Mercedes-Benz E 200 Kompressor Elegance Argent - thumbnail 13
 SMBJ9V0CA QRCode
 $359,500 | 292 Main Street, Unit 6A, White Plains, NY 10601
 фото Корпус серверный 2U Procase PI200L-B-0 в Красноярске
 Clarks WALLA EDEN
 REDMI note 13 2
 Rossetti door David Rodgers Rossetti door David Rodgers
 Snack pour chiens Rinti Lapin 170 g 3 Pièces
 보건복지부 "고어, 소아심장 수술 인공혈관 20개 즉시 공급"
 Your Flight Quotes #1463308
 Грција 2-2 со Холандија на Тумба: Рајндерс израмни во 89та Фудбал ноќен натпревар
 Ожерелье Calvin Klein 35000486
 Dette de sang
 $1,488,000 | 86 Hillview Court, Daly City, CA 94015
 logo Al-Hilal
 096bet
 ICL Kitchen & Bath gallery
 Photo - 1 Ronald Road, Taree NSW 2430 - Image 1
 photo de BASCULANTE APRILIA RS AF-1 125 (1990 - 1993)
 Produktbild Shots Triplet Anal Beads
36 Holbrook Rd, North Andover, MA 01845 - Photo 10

+--

**Exercise directions**: Print the material exactly. Include every line.

**Task answer**:
Mercedes-Benz E 200 Kompressor Elegance Argent - thumbnail 13
 SMBJ9V0CA QRCode
 $359,500 | 292 Main Street, Unit 6A, White Plains, NY 10601
 фото Корпус серверный 2U Procase PI200L-B-0 в Красноярске
 Clarks WALLA EDEN
 REDMI note 13 2
 Rossetti door David Rodgers Rossetti door David Rodgers
 Snack pour chiens Rinti Lapin 170 g 3 Pièces
 보건복지부 "고어, 소아심장 수술 인공혈관 20개 즉시 공급"
 Your Flight Quotes #1463308
 Грција 2-2 со Холандија на Тумба: Рајндерс израмни во 89та Фудбал ноќен натпревар
 Ожерелье Calvin Klein 35000486
 Dette de sang
 $1,488,000 | 86 Hillview Court, Daly City, CA 94015
 logo Al-Hilal
 096bet
 ICL Kitchen & Bath gallery
 Photo - 1 Ronald Road, Taree NSW 2430 - Image 1
 photo de BASCULANTE APRILIA RS AF-1 125 (1990 - 1993)
 Produktbild Shots Triplet Anal Beads
36 Holbrook Rd, North Andover, MA 01845 - Photo 10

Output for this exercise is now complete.